Speaker
Description
In lung cancer, SBRT is used to deliver high doses to a small dense GTV moving into a low-density tissue (margin generating the PTV). If IMRT or VMAT are used to treat such inhomogeneous PTV, a homogeneous dose distribution is achieved generating high photon fluence inside a 3D shell (PTV-GTV). Paradoxically the dose distribution is apparently uniform, but the GTV, which moves into the PTV, will receive a dose that depends on its position. This work studies this phenomenon. Monaco v5.11 (Elekta, SWE) with MC algorithm was used to simulate a SBRT treatment. In a first part, the photon fluence was optimized for the original PTV electron density (EDo) and then used to recalculate the dose on a modified PTV electron density (EDf) in which the mean value of the GTV electron density was forced as the relative electron density of the PTV. In a second part the photon fluence was optimized for PTV EDf and then used for the dose calculation on PTV EDo.
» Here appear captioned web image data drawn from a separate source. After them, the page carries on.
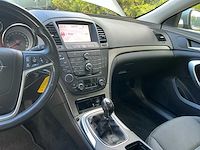 2012 opel insignia sports tourer 1.4 t ecof. bns ed personenauto - afbeelding 12 van  20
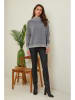 Joséfine Pullover "Csepreg" in Grau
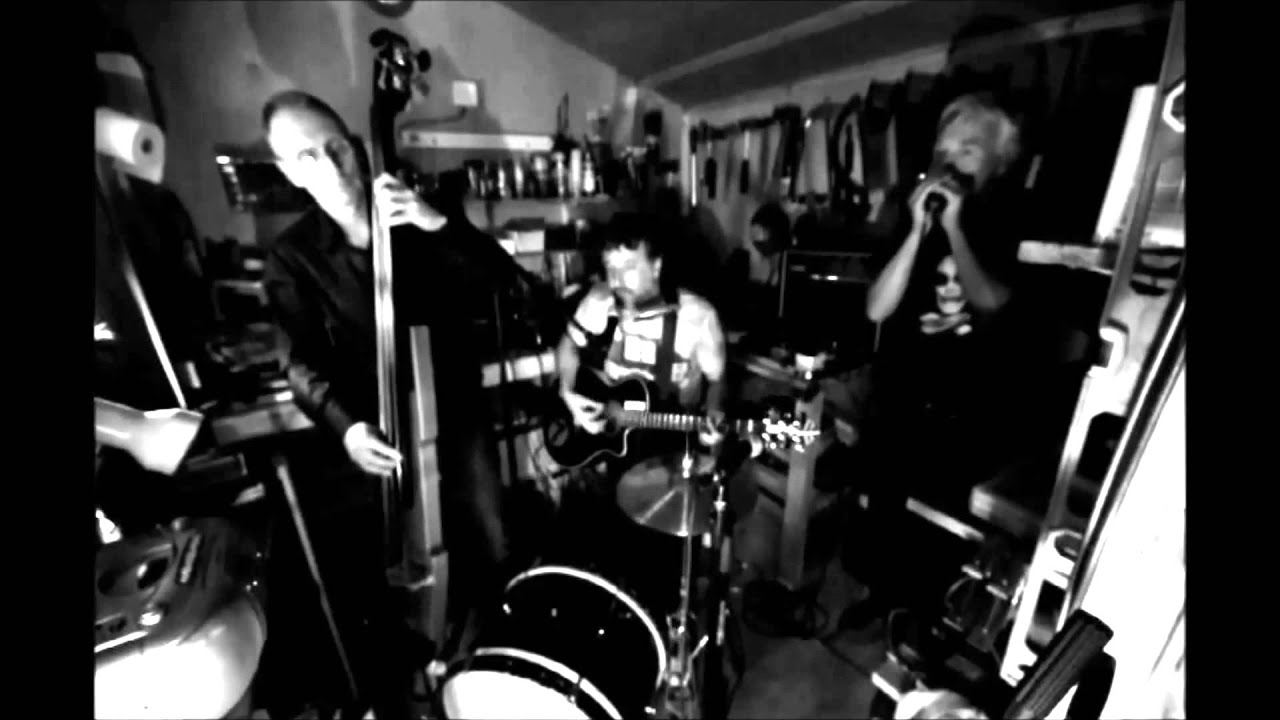 Jonny Wild and The Broken Hearts - Folsom Prison Blues/That's Alright
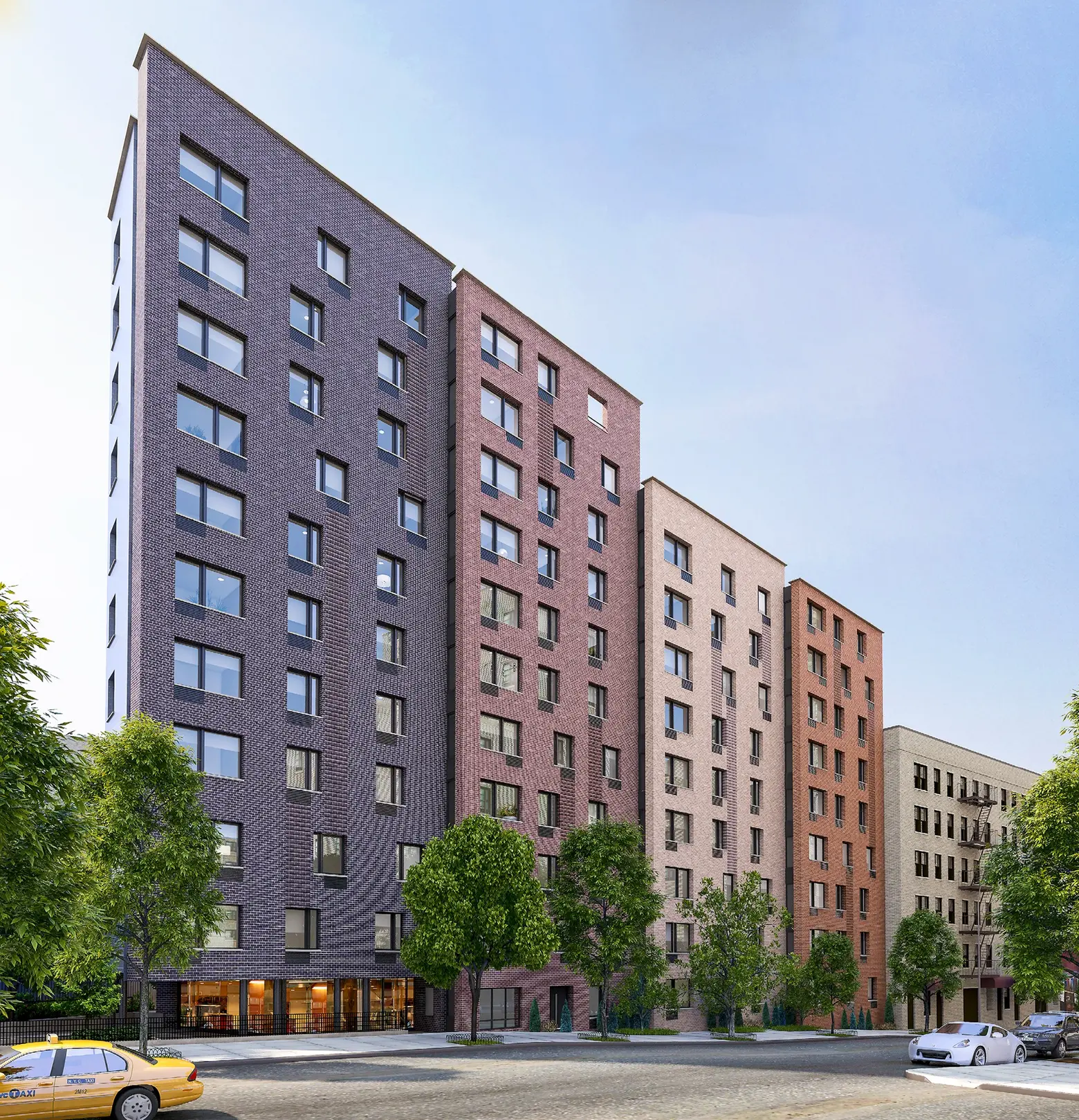Apply for 50 affordable units in the Bronx’s Mt. Eden, from $558/month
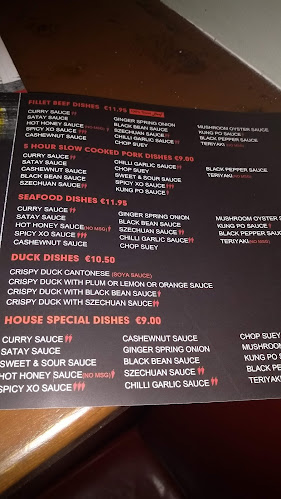 Opinii despre New Swan Chinese în New Ross - Hospitality and gastronomy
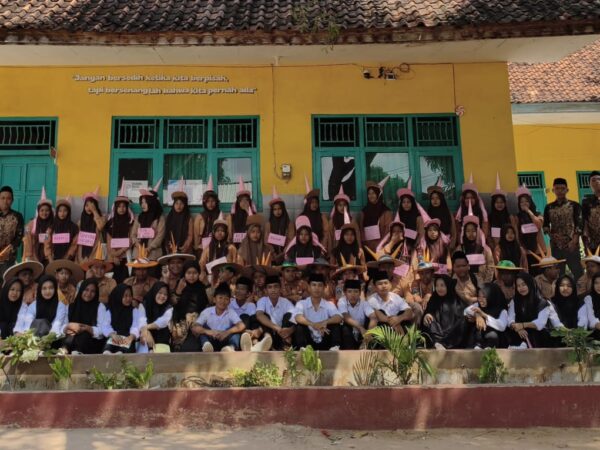 Matamuda 2026, MTs Nasy-Mut tekankan pentingnya Cerdas Literasi dan Luhur Budi Pekerti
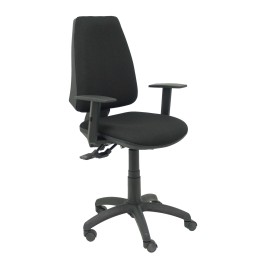 SILLA ELCHE S BRAZOS REGULARES BALI NEGRO 14SBALI840B10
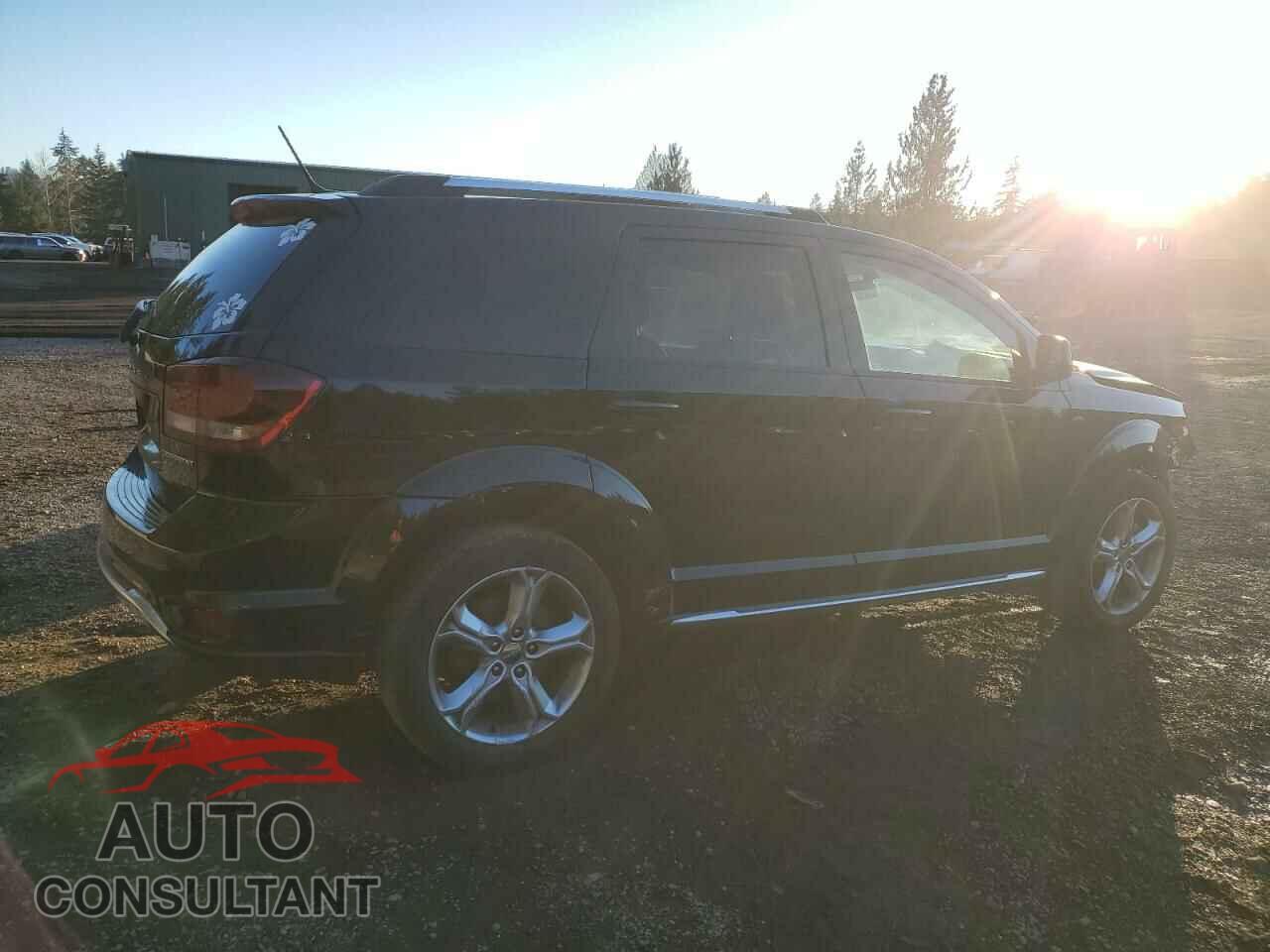 DODGE JOURNEY 2017 - 3C4PDCGG8HT538483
In part one, dose increments of 1.6% for D98%, 2.5% for Dmean and 5% for D2% were obtained for PTV-GTV, dose profiles calculated on EDo and EDf, differ up to 6.6% on longitudinal axis along the plan isocenter. A maximum dose difference of 9% of the prescribed dose was obtained between the 3D dose distributions. This means, when the GTV reaches a position inside the PTV, where the photon fluence is optimized for low electron densities, it will receive higher doses than what estimated on the original EDo map. In the second part a reduction of -1.5% for D98%, Dmean and D2% were achieved for PTV-GTV and the maximum difference between dose profiles was -3% for longitudinal axis. The maximum difference between the 3D dose distributions was 6% of the prescribed dose. The GTV is thus irradiated in a more homogeneous way in part two in which the fluence is optimized for its mean electron density everywhere in the PTV. We propose that, in lung small lesions, the PTV must be modified in terms of electron density considering the GTV mobility.